• Activity
Could you please return each line of the data that has the word "will"?

• Materials provided
[Start of section]

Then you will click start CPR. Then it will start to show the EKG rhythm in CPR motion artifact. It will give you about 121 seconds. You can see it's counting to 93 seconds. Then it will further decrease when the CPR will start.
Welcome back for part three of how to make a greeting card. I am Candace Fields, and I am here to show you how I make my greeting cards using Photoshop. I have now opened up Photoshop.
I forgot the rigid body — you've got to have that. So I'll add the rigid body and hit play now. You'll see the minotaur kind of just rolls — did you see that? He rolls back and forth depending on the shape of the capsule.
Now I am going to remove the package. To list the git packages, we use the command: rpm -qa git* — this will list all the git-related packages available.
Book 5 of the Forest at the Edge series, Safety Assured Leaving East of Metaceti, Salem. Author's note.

[End of section]
[Start of section]

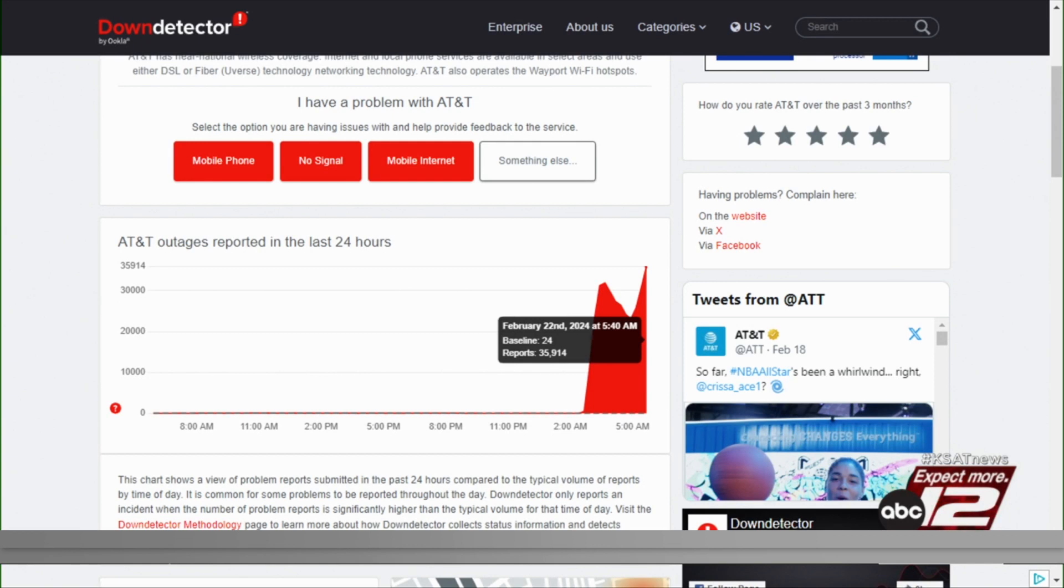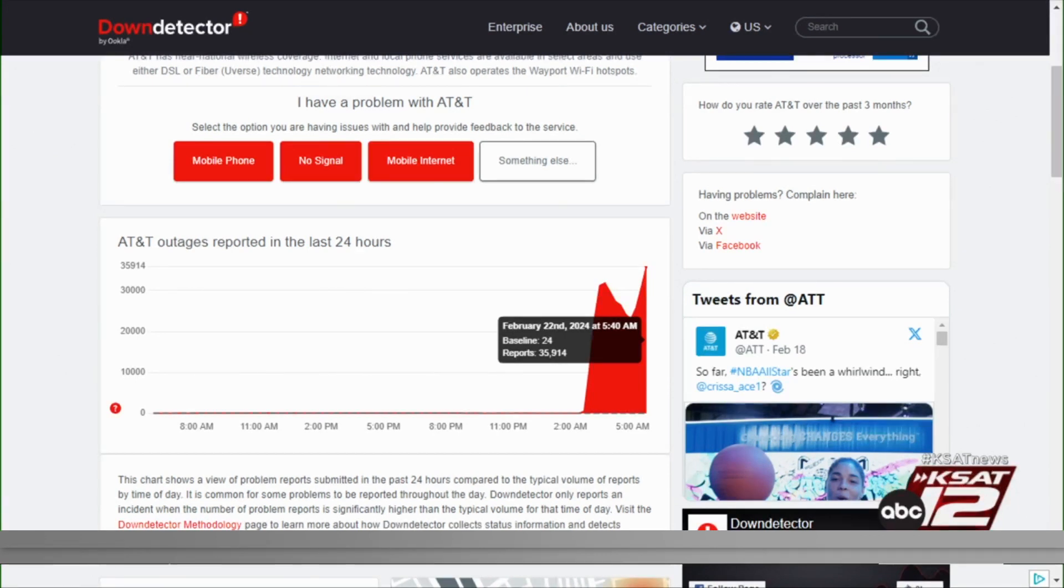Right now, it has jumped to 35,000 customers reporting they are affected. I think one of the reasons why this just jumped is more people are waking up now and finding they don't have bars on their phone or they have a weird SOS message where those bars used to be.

[End of section]

• Expected answer
Then you will click start CPR. Then it will start to show the EKG rhythm in CPR motion artifact. It will give you about 121 seconds. You can see it's counting to 93 seconds. Then it will further decrease when the CPR will start.
Now I am going to remove the package. To list the git packages, we use the command: rpm -qa git* — this will list all the git-related packages available.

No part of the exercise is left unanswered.